If you want to go with math, think more group theory. I'm specifically thinking about how you can always create a monoid if you have an associative binary operation, because even if your associative binary operation doesn't have an identity element, you can just declare one. Similarly, if you have "functions" that "return nothing", you just declare that nothing right into existence. Then you can just think of the C language layer basically erasing away any attempt to examine that value returned behind the scenes, because as you say, why?
It's not a function. A C function "returning" void is just C's syntax for writing a procedure. C doesn't call it a procedure, but that's what it is semantically.

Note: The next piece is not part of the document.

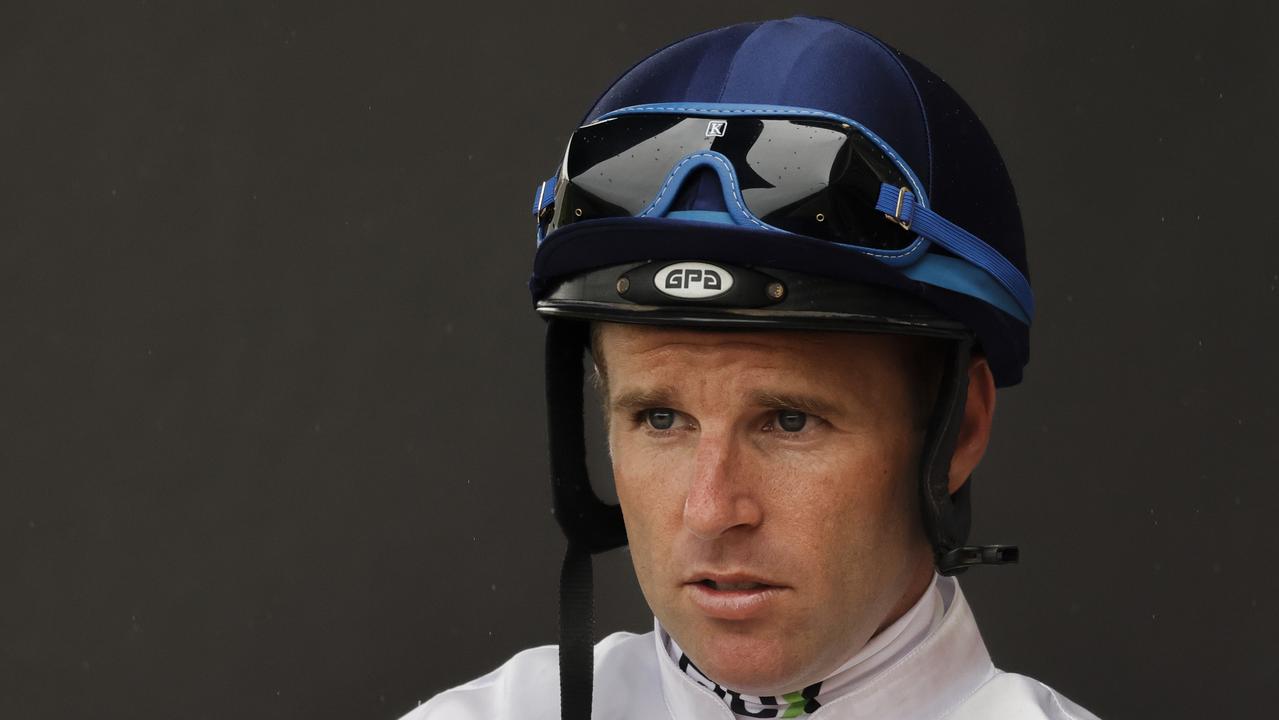 Tommy Berry is one of Australia’s elite jockeys and a poster boy for the sport. Picture: Jenny Evans–Getty Images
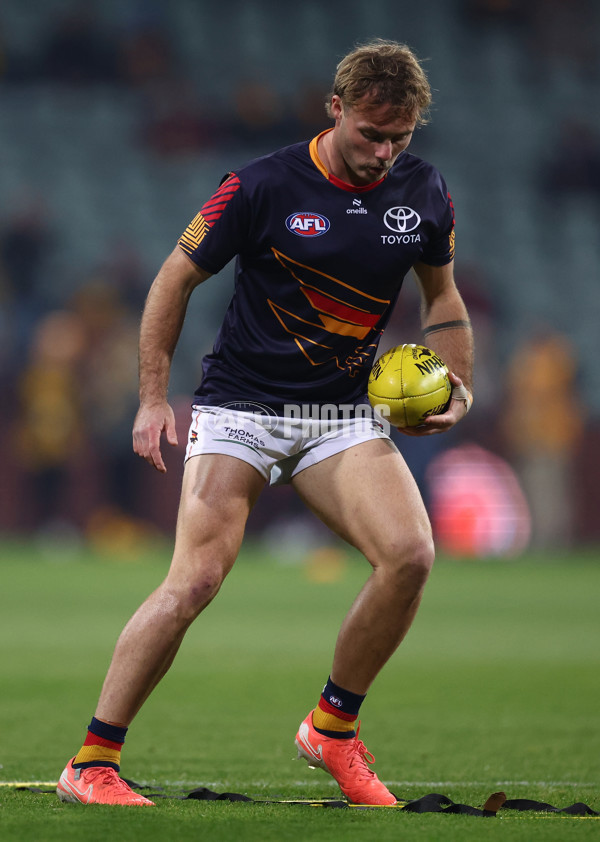AFL 2025 Round 14 - Hawthorn v Adelaide - A-60007075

The distinction between "function" and "procedure" doesn't map very well to whether the return type is void in C's syntax:
- On one hand, a lot of "functions" are actually procedures that just happen to return a value: think for example `write(2)`, which is clearly used for its side effect, not to compute how many bytes could be written -- even though that's what it returns.
- On the other hand, you can have a "procedure" (i.e., a function "returning" void) that actually has no side effects other than storing a computed value in a specified location (e.g. void square(int x, int *ret) { *ret = x*x; }). That's clearly a function in the mathematical sense, even though it "returns void".
The difference between a function and a procedure is strictly whether they can be used as a value or not in the syntax of the language, not the semantics. A function is a subroutine that can be used as either a value or a statement, a procedure is a subroutine that can only be used as a statement. That is, if x = foo(); is valid syntax, then foo() is by definition a function. If x = foo(); is invalid syntax, then foo() is a procedure.
> (For what it’s worth, if you use a prover-adjacent language such as Agda or Idris, this is exactly how things are going to work there.)
You don't even have to go that far, Rust supports this concept. The built-in empty type is called `!`, and cannot be constructed. It's partially unstable, and there's a bunch of things you can't do yet, but you can use it as a return type.